![]() |
Yusril Ihza Mahendra (theindonesianway) |
Jakarta - Mahkamah Konstitusi
kembali menggelar sidang ketujuh perkara Perselisihan Hasil Pemilihan Umum
(PHPU) Presiden dan Wakil Presiden Tahun 2014 yang dimohonkan oleh Pasangan
Calon Presiden dan Calon Wakil Presiden Nomor Urut 1 Prabowo Subianto-Hatta
Rajasa dengan agenda pembuktian. Sidang kali ini menghadirkan beberapa ahli
hukum tata negara dan politik untuk memberikan keterangannya terkait materi
permohonan. Pihak Pemohon menghadirkan Yusril Ihza Mahendra, Irman Putra Sidin,
Margarito Kamis, Said Salahuddin, A. Rasyid Saleh, dan Marwah Daud Ibrahim.
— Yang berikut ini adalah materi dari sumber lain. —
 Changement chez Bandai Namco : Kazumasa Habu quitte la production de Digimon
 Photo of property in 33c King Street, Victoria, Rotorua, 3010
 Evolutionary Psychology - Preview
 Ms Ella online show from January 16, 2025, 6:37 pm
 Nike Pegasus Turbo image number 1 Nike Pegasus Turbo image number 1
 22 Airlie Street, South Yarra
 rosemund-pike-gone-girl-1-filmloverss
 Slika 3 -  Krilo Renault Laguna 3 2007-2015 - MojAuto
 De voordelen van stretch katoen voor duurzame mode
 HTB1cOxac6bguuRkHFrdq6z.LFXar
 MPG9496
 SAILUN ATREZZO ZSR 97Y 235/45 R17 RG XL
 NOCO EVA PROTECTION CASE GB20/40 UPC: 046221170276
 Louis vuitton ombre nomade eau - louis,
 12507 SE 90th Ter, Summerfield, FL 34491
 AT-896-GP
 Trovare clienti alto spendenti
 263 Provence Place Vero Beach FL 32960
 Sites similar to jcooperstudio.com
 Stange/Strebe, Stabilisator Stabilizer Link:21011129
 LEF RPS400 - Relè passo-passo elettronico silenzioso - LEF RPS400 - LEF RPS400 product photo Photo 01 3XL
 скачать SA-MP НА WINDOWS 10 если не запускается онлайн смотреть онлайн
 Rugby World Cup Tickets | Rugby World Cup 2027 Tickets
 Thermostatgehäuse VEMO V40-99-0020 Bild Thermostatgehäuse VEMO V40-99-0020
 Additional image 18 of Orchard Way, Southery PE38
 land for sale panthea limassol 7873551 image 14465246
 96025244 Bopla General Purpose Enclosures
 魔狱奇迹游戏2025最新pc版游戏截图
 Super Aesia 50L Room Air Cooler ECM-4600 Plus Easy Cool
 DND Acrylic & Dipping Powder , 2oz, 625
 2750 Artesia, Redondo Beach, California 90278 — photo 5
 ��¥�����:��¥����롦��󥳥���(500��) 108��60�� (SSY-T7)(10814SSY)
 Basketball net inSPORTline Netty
Sedangkan, pihak KPU menghadirkan empat saksi ahli dan Pihak Terkait
menghadirkan dua saksi ahli.
Salah satu saksi ahli dari Tim
Pembela Merah Putih, Yusril Ihza Mahendra mengatakan, MK harus memutus PHPU
Presiden dan Wakil Presiden 2014 secara adil dan bijaksana, agar presiden dan
wakil presiden dapat memerintah dengan legitimasi dari rakyat.
"Tanpa adanya legitimasi
rakyat, maka pemerintahan selanjutnya akan akan berhadapan dengan krisis
legitimasi yang juga akan memicu instabilitas politik nasional," kata
Yusril, saat memberikan keterangan sebagai ahli dalam sidang sengketa Pilpres
2014 di MK Jakarta, Jumat (15/8). Demikian siaran pers yang diterima kabarpapua.net.
Untuk itu, Yusril Ihza
Mahendra meminta majelis hakim memeriksa keterangan saksi secara detil dan
mencermati bukti yang diajukan secara teliti dan bijaksana sebelum memberikan
putusan.
Menurut Yusril, sudah waktunya
MK menangani sengketa Pemilu, khususnya Pilpres, di lingkup substansi yang
memastikan prinsip Luber dan Jurdil telah dilaksanakan dengan baik serta
memastikan legalitas Pemilu itu sendiri. "Seperti misalnya MK di Thailand
yang dapat menilai apakah Pemilu konstitusional atau tidak konstitusional.
Apakah kita berani seperti Thailand membatalkan Pemilu karena dianggap cacat
secara konstitusi? Apakah kita berani sejauh itu?," tantang Yusril.
Lebih lanjut Yusril mengatakan,
jika hanya mempermasalahkan penghitungan suara, MK akan menjadi lembaga
kalkulator, karena yang dimasalahkan hanya berkaitan dengan penghitungan
suara-angka belaka tanpa menilai apakah perolehan suara itu dilakukan dengan
atau tanpa pelanggaran sistematik, terstruktur, dan masif atau tidak.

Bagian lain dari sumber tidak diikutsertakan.